Belfast, now the capital of Northern Ireland, was in Joyce’s day an industrial center that generally, partly because its population depended on its industry, opposed Home Rule. In Dubliners, the city appears in three stories: “Eveline,” “Clay,” and “Grace.” That the adolescence, maturity, and public life sections all reference Belfast, while the childhood section omits it, may be of some interest in terms of the political implications of the place as they would manifest in the psychology of the stories’ inhabitants. In other words, a young child would be most likely uninterested in, if not unaware of, the simmering anxieties associated with Belfast. But perhaps more importantly, with the exception of “The Sisters,” none of the childhood stories reference places outside of Dublin at all, and in “The Sisters,” the outside references pertain to the priest. The first-person child-as-narrator in the other two stories has very little concern for anyone or anywhere outside his own orbit.

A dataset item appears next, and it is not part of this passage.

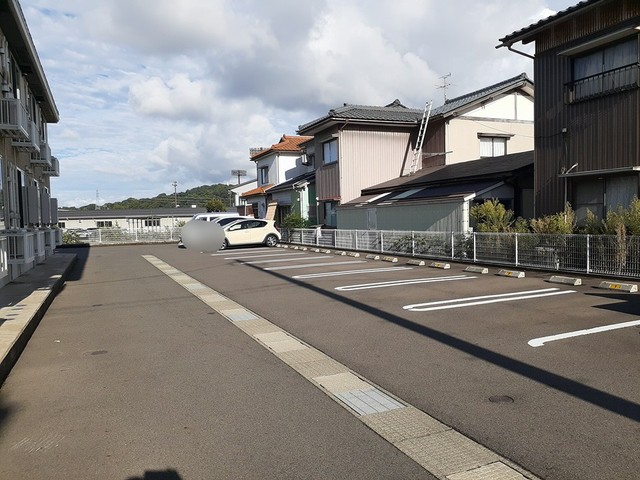 ヴィラ　メリオール 駐車場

In “Eveline,” Belfast is the home of the man who had built the new houses on Eveline’s street: “One time there used to be a field there in which they used to play every evening with other people’s children. Then a man from Belfast bought the field and built houses in it — not like their little brown houses but bright brick houses with shining roofs” (36). The slick new houses built by the man from Belfast serve as a source of disrupted memory for Eveline, whose adolescence and approaching adulthood are already being colored by materialism fast overtaking the simple pleasures of playing in a field.
In “Clay,” Belfast is where Maria’s purse was purchased: “She took out her purse with the silver clasps and read again the words A Present from Belfast. She was very fond of that purse because Joe had brought it to her five years before when he and Alphy had gone to Belfast on a Whit-Monday trip” (100). Moving beyond Eveline’s vague association, Maria’s awareness of Belfast is as a commercial center and a place where one would go on Whit-Monday (the day after Pentecost, usually in May or June, observed as a public holiday in Ireland until 1973). For her, Balfast is thus a sentimental association with Joe, albeit one that sustains the materialism of Eveline’s association since it is both a money holder and a purchased gift.
“Grace” employs Belfast in connection to the Kernans’ success as parents: “Her two eldest sons were launched. One was in a draper’s shop in Glasgow and the other was clerk to a tea-merchant in Belfast” (156). Glasgow, known in the Victorian period as the “Second City of the British Empire,” not only rivaled Belfast in terms of industry and commerce but also carries political implications. If in the previous two stories Belfast only conveyed commercial connotations, here, set alongside Glasgow, the “Second City of the British Empire,” Belfast becomes a politically charged reference, controversial, perhaps, in Joyce’s use of it as a destination for successfully raised children.
Even though none of the stories attach Belfast explicitly to the political tensions of Ireland and the British Empire, the implications resonate–first at the level of rumor, then sentimental materialism, and finally commercial, vocational, and parental accomplishment.